WHAT IS REQUIRED: Leaving out the pictures, write the following records exactly as they read.

--- START ---

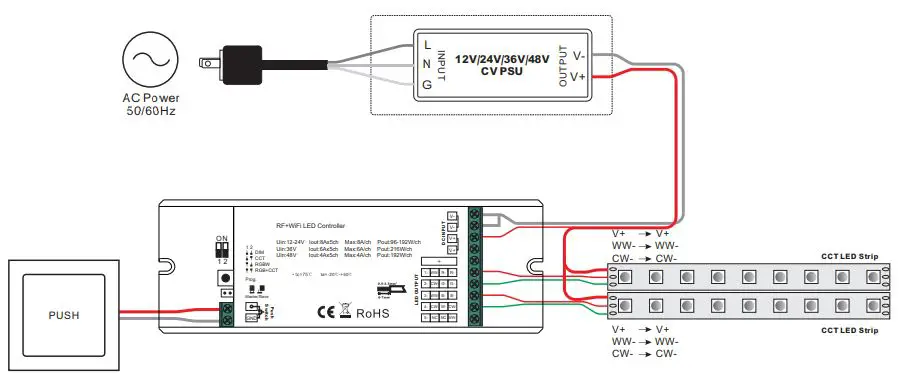 SIGOR-9059101-Universal-Receiver-FIG 13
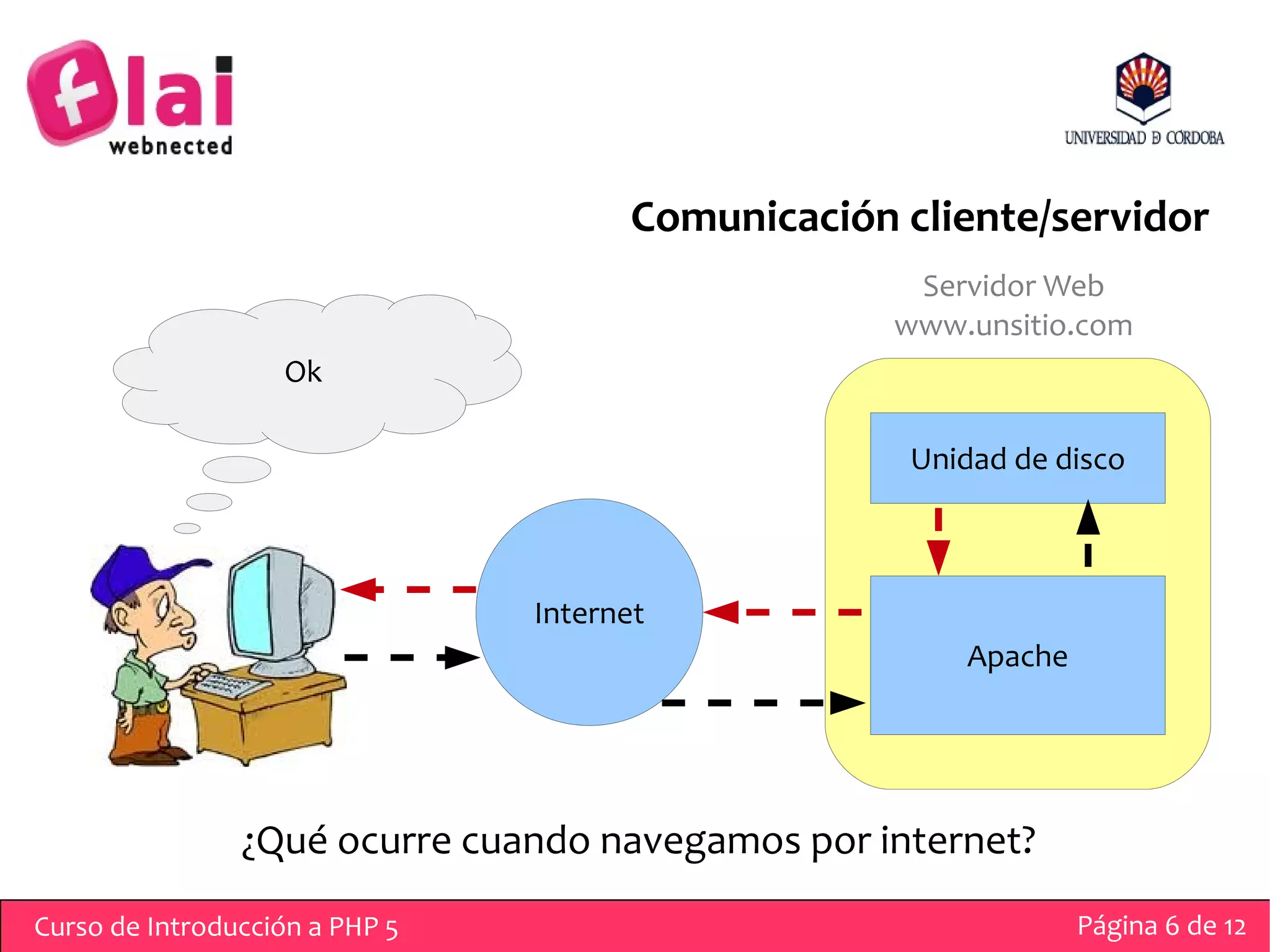 Comunicación cliente/servidor
                                                    Servidor Web
                                                   www.unsitio.com
                   Ok

                                                    Unidad de disco



                                Internet
                                                       Apache




                ¿Qué ocurre cuando navegamos por internet?
Curso de Introducción a PHP 5                                   Página 6 de 12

--- END ---

COMPLETED EXERCISE:
 SIGOR-9059101-Universal-Receiver-FIG 13
 Comunicación cliente/servidor
                                                    Servidor Web
                                                   www.unsitio.com
                   Ok

                                                    Unidad de disco



                                Internet
                                                       Apache




                ¿Qué ocurre cuando navegamos por internet?
Curso de Introducción a PHP 5                                   Página 6 de 12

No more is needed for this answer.